In that message, Pruett asked her to return some of his belongings and ended the letter writing, “You will definitely never have the kids again... so I suggest you sit back and think whose team you’re really on? Who’s always had your back? Let me know. See ya’ later.”
In the communication sent over the next few days, Pruett continued to reference her children.
He also mentioned the police reports she filed against him.
“The police came and saw me about your little charges,” Pruett wrote. “You know you have never been able to match wits with me! Hee, Hee!... No one would waste a bullet.”
Pruett’s former girlfriend showed the messages to a friend who is just as shocked as she is Pruett is allowed to write those letters.
“Why is he able to threaten her? Why is he able to harass her? That is harassment,” her friend said.
One of Pruett’s former co-workers showed us a greeting card he also received from Pruett, which was laced with insults and vulgarity.
We took the stack of mail to Lubbock County Sheriff Kelly Rowe who said he was not surprised by what Pruett wrote based on what he heard Pruett say the night of his arrest.
“To me, it comes across exactly how he sounded that evening when he would go on and start railing about somebody,” Rowe said.
The sheriff confirmed that investigators are monitoring Pruett’s mail, but that is not the case for every inmate.
“Just given the volume of it there, unless there is a reason to be watching an individual, no, that stuff is going to sail right through to the post office,” Rowe said.
Letters sent from the Lubbock County Detention Center are in envelopes stamped “inmate correspondence.”
The first time an inmate sends someone an electronic message, the recipient receives an email telling them the inmate wants to communicate. In that initial message, the recipient has the option to accept the communication or block it.
“If you don’t want the stuff, or if you have a concern about it, let us know,” Rowe said. “If you have accepted the invitation for the messaging system, and you don’t want it any longer, let us know and we can get that reversed as well.”
Individuals with a complaint about inmate correspondence can contact the detention center at 806-775-7048 or email LSODetention@Lubbockcounty.gov.
Pruett’s former girlfriend said she never responded to Pruett’s communication, but she did read everything he sent her.
“I kept opening them because I felt like it was for my protection and my kiddos, and their dad, my family,” she said.
After days of consistent communication, she said Pruett’s letters recently stopped.
The KCBD Investigates Team confirmed Pruett was moved out of the detention center’s general population housing and into the Special Housing Unit.

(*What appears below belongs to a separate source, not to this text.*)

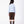 Load image into Gallery viewer, Back view of Classic Plaid Girls Bow Outfit with powder-blue collared top and chocolate tailored shorts for girls ages 3 to 12 by Mama Luma.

Inmates assigned to this unit spend little time outside of their cells and do not have the same privileges as other inmates.
Rowe said inmates are typically assigned to the Special Housing Unit due to violence or protective custody.
“Given what we have seen him demonstrate so far, I have a pretty good idea of why he is housed where he is,” Rowe said.
Now, it will be up to Pruett and detention center staff to determine if and when he regains access to those privileges.
We asked Pruett’s attorney if he could speak with his client, but our request was denied.